• TASK BRIEF: A faithful copy is needed of the lines below from the one with "Dansko Liliana Clog" up to and including the one with "1/2PCS Shape Contour"; set it down with no pictures and no other lines.

----- THE DATA -----

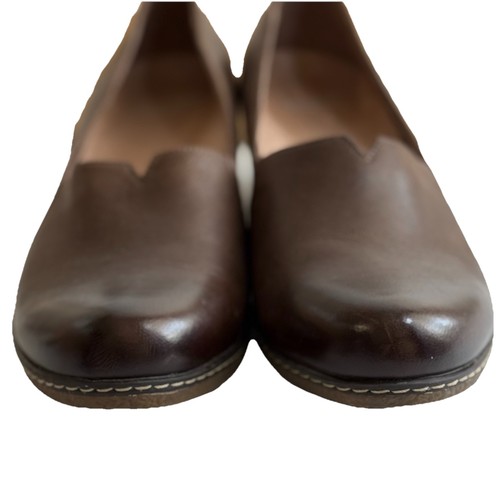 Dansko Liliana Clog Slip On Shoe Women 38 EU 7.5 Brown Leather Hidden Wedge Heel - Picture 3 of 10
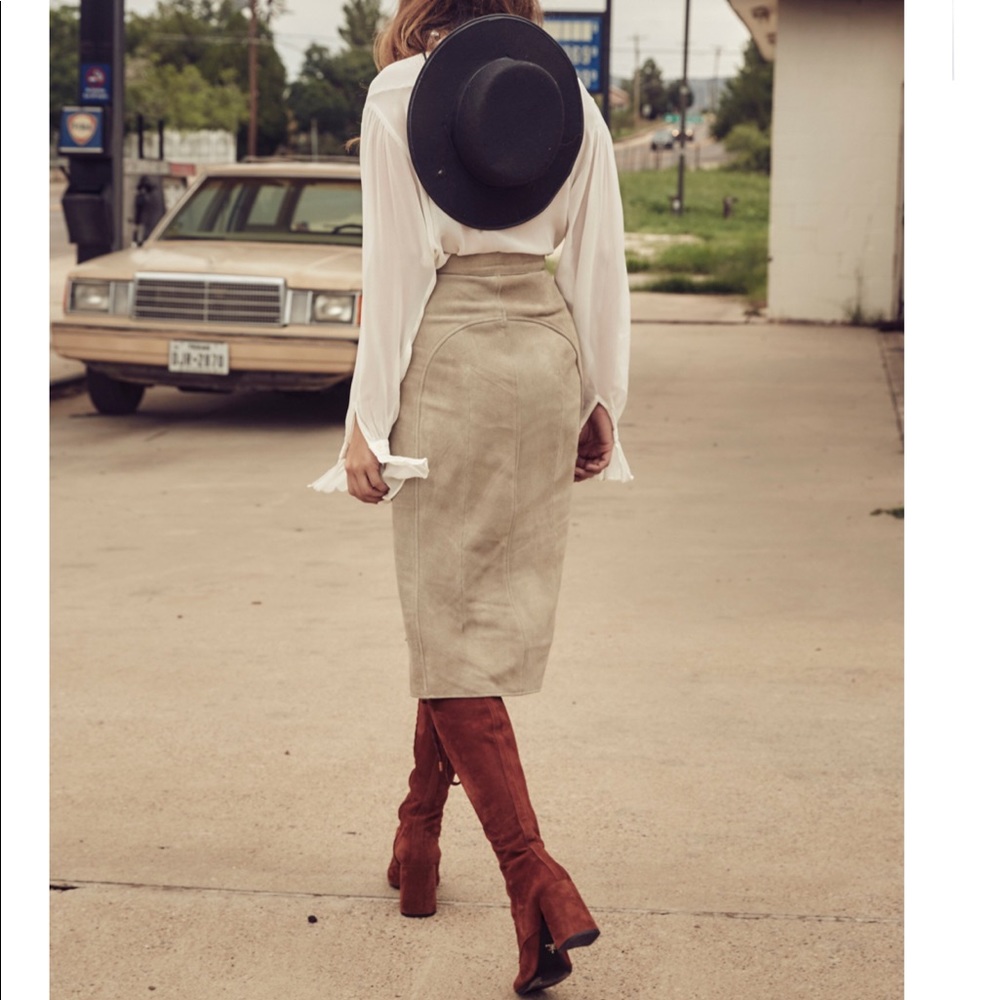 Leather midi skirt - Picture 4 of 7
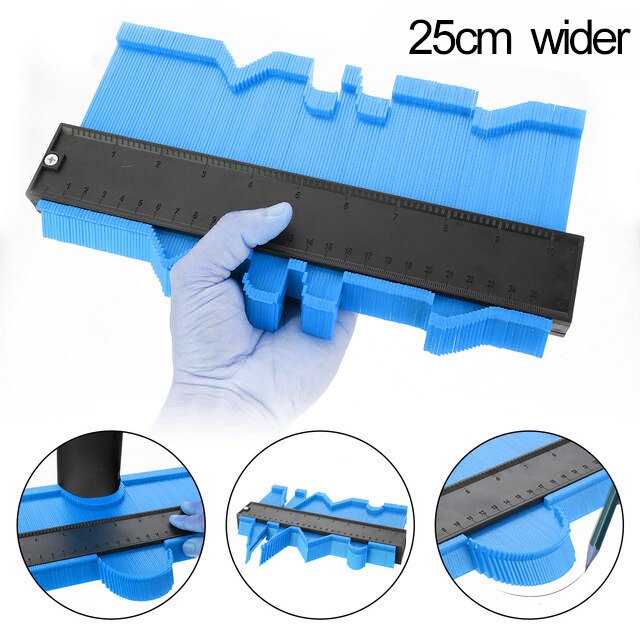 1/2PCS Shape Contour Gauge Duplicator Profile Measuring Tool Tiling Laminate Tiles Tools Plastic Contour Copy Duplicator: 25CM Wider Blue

-----
----- THE DATA -----

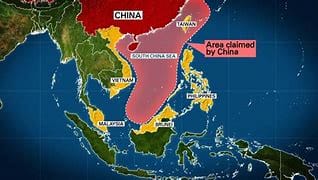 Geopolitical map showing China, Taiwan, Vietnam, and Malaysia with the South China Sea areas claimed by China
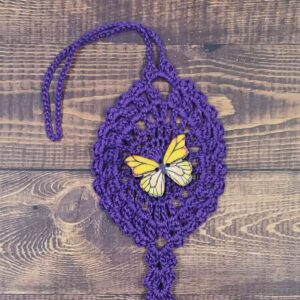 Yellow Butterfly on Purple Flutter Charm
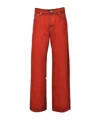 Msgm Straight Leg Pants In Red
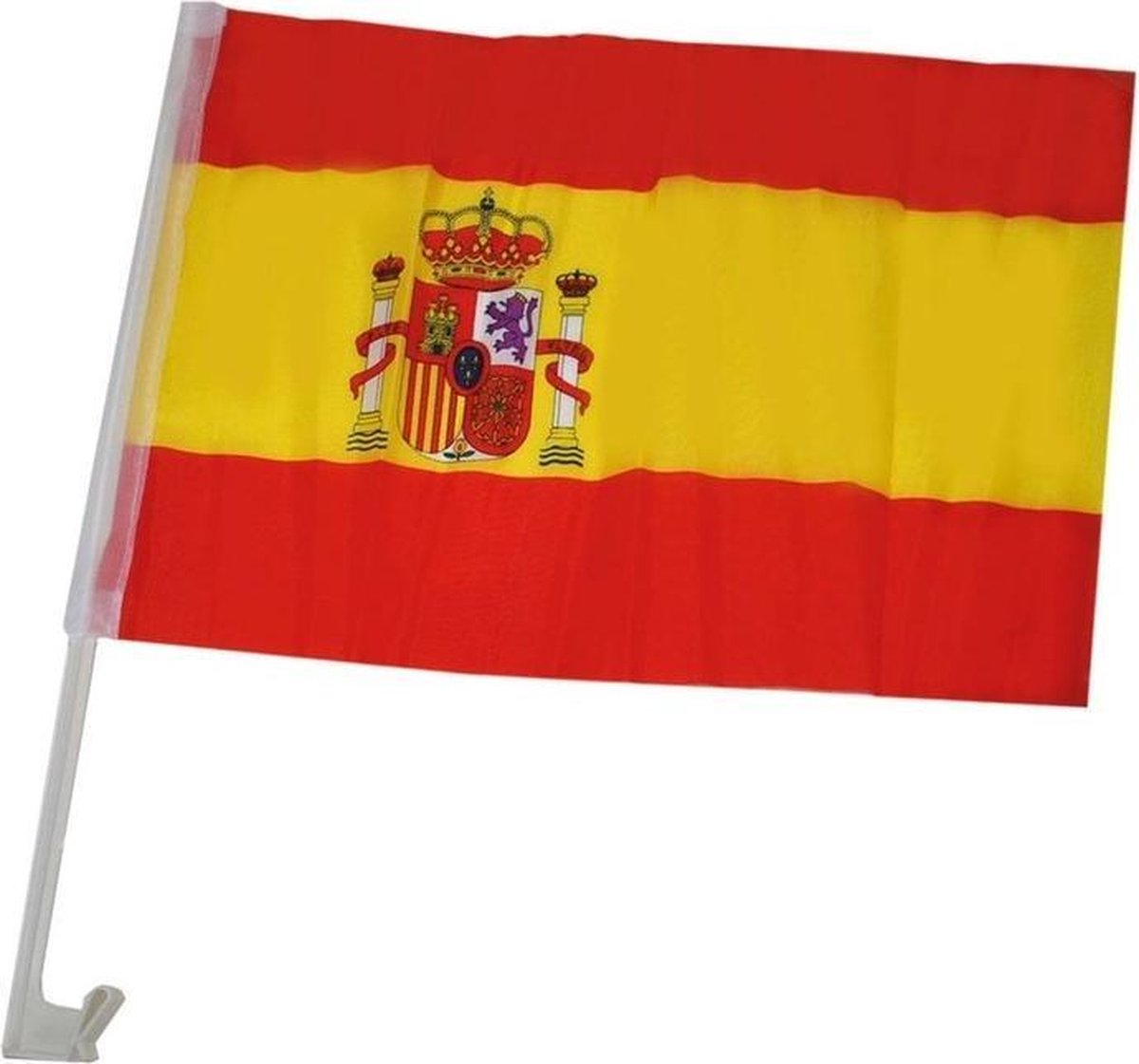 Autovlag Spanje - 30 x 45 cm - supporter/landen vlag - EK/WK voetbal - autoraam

-----
----- THE DATA -----

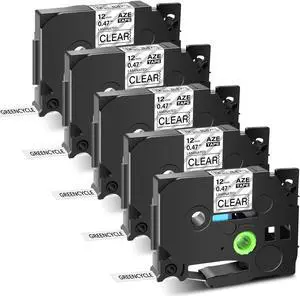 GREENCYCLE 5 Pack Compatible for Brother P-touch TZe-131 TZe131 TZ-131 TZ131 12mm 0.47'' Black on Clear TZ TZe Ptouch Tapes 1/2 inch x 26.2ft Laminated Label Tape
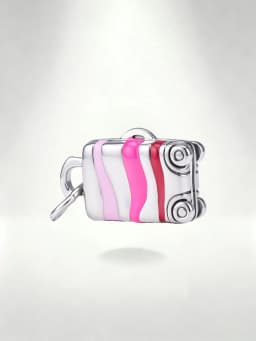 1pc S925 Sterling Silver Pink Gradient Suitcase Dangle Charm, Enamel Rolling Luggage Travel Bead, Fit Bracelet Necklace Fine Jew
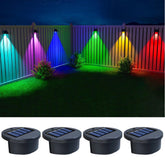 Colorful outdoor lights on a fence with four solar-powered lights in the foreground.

-----

• OUTPUT OF THE TASK:
 Dansko Liliana Clog Slip On Shoe Women 38 EU 7.5 Brown Leather Hidden Wedge Heel - Picture 3 of 10
 Leather midi skirt - Picture 4 of 7
 1/2PCS Shape Contour Gauge Duplicator Profile Measuring Tool Tiling Laminate Tiles Tools Plastic Contour Copy Duplicator: 25CM Wider Blue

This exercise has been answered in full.